Xrunmb 50cm (for 50cm only)
Xrunmb 20cm (for dual-band 20cm)
Xrunmb 1050cm (for 10cm on some machines and 50cm on the others)
(you will be prompted for the cpsr password. Then, umpteen windows will pop up everywhere. The last of which is the scriptMonitor, a handy ascii program for keeping track of the current status of the cluster. Among these windows are ones labelled PRIMARY CPSR1 and PRIMARY CPSR2. There are four graphics windows. Two for level seting and two for monitoring the pulsars. When, and only when you see the sign saying NOW START TCS should you do so. This whole procedure usually takes about 90 seconds.)

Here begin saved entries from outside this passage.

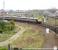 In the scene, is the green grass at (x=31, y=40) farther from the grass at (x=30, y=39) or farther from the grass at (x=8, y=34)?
the grass at (x=8, y=34)

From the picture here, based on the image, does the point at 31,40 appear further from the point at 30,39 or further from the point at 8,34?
the point at 8,34

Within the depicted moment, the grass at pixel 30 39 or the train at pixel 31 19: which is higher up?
the train at pixel 31 19

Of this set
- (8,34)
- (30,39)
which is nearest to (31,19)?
(30,39)

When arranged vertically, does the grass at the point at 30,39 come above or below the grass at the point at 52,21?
below

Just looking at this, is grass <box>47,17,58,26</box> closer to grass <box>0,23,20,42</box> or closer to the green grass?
the green grass

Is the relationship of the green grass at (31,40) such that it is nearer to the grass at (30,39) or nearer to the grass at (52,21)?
the grass at (30,39)

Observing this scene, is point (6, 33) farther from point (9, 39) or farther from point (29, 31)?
point (29, 31)

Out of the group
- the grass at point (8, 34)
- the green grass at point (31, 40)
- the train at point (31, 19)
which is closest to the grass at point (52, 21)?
the train at point (31, 19)

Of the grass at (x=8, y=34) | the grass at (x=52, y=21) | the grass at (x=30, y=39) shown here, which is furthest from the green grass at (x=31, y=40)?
the grass at (x=52, y=21) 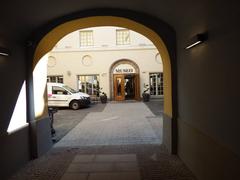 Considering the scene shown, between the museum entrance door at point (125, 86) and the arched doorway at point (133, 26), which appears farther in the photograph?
the museum entrance door at point (125, 86)

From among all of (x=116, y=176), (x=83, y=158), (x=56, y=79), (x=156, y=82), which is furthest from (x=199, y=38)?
(x=56, y=79)

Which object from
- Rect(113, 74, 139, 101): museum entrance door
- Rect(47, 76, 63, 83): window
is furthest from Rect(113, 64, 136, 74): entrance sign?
Rect(47, 76, 63, 83): window

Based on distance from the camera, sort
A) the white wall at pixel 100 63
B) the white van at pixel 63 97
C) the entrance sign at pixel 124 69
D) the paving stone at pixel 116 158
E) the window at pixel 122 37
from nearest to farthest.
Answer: the paving stone at pixel 116 158 → the white van at pixel 63 97 → the white wall at pixel 100 63 → the window at pixel 122 37 → the entrance sign at pixel 124 69

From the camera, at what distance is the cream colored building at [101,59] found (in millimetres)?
23391

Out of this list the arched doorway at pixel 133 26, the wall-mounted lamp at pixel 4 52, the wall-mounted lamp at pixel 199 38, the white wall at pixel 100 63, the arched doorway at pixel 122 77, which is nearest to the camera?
the wall-mounted lamp at pixel 199 38

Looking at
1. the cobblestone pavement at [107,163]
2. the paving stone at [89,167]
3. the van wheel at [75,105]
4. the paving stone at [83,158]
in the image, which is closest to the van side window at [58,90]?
the van wheel at [75,105]

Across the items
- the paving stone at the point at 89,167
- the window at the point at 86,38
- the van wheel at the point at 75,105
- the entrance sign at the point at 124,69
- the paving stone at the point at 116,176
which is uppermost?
the window at the point at 86,38

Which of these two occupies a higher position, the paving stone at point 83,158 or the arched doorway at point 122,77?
the arched doorway at point 122,77

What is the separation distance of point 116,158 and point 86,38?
761 inches

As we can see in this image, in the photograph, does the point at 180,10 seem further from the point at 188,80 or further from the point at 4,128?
the point at 4,128

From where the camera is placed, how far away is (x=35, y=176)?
191 inches

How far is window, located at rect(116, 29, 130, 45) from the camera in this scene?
2372 centimetres

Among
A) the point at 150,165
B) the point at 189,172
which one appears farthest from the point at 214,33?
the point at 150,165

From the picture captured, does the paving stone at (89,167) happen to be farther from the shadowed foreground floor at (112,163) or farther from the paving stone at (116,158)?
the paving stone at (116,158) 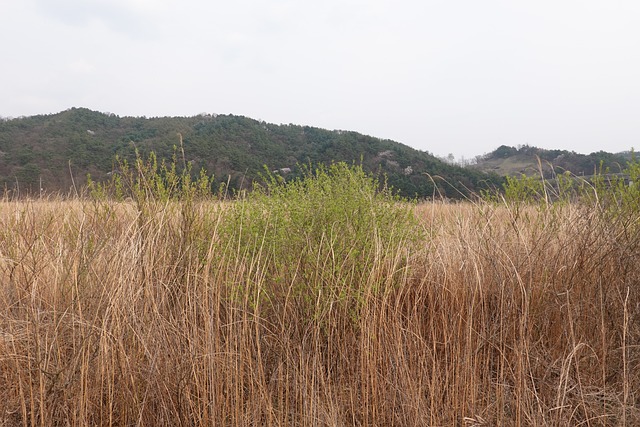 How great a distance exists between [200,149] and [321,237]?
1577 inches

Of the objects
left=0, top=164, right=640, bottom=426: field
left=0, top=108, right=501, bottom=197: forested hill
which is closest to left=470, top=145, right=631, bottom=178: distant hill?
left=0, top=108, right=501, bottom=197: forested hill

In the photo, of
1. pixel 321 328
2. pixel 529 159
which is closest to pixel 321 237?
pixel 321 328

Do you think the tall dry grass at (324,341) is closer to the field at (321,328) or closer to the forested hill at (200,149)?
the field at (321,328)

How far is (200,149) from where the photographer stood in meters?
40.3

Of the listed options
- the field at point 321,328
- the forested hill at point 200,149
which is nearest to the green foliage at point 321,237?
the field at point 321,328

5. Start TCS on any observatory machine.
Select Pulsar, Expert, then load the appropriate schedule file.
Don't double-click on the filename! Just select it and click ok.
This is a glish feature!
We recommend you start on a CAL, then
stop and wait until it appears on the CPSR2 ObsMonitors. This
will take a few minutes. It is vital that you have the levels
set properly or else you will never get anywhere. Before
running TCS it is not a bad idea to run the lorun command
with an appropriate argument on something like perseus.
lorun ~/losetup/p456_20cm.cmd (20cm mode)
lorun ~/losetup/swin1050cmcpsr2.cmd (1050 mode)
Most Common Bugs.
Bug Class 1. Cannot take data at all.
1. Due to a recent change of frequency, the levels cannot be set
properly by cpsr2_vmon.
You are doomed! You must rerun the lorun script or fiddle with
the attenuator settings to get enough power in the IFs. Once you
have done this, Hitting MASTER RESET on the GUIMonitor and restarting
seems to work after waiting 60 seconds. You should have about
3 units of power in the LOGUI next to the L40 settings.
2. Despite observing happily for hours, all of a sudden you get a
Primary BUFFER WARNING message followed by a primary crashing.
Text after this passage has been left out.